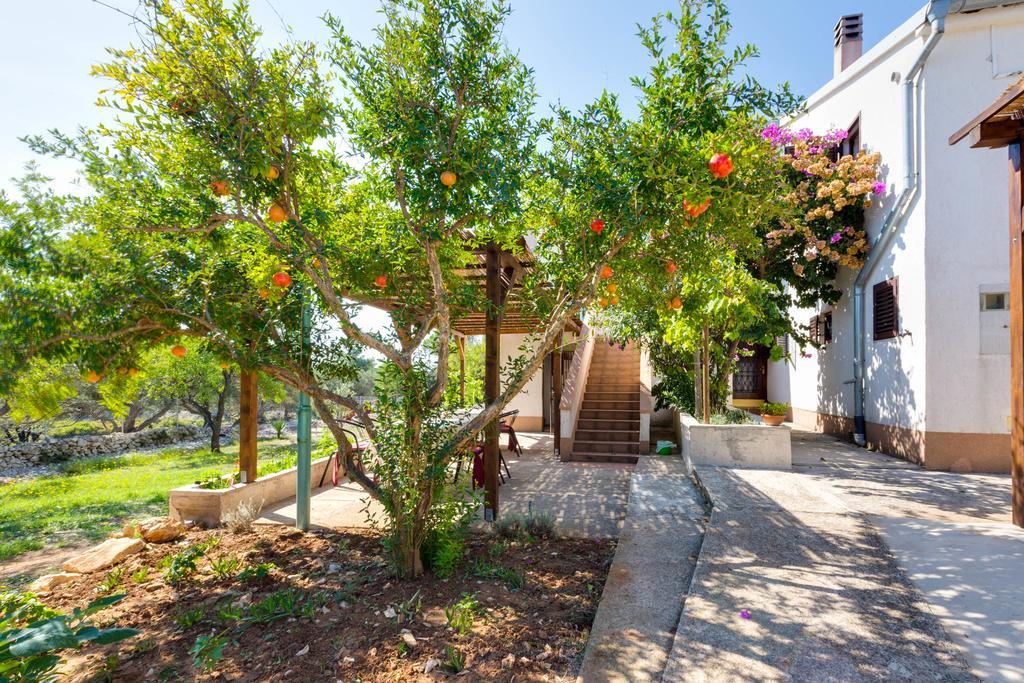 Eco Secluded Apartments Zabodarski Čunski 外观 照片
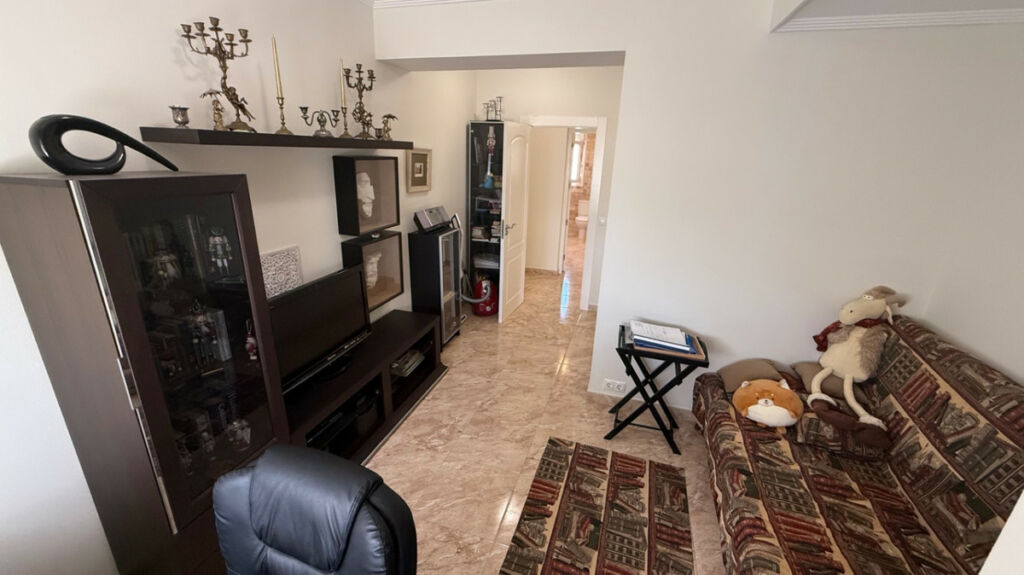 Detached Villa Torrevieja Alicante - image 41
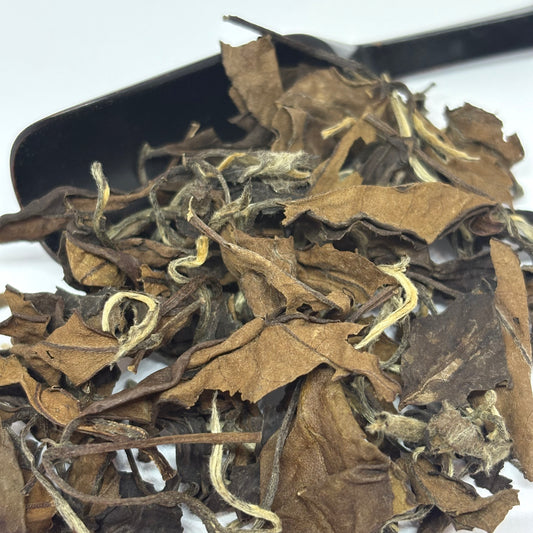 Lao Shou Mei (Longevity Eyebrows) White Tea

§ **Problem requirements**:
Transcribe the whole listing exactly as it stands, apart from the pictures.

§ **Task solution**:
 Eco Secluded Apartments Zabodarski Čunski 外观 照片
 Detached Villa Torrevieja Alicante - image 41
 Lao Shou Mei (Longevity Eyebrows) White Tea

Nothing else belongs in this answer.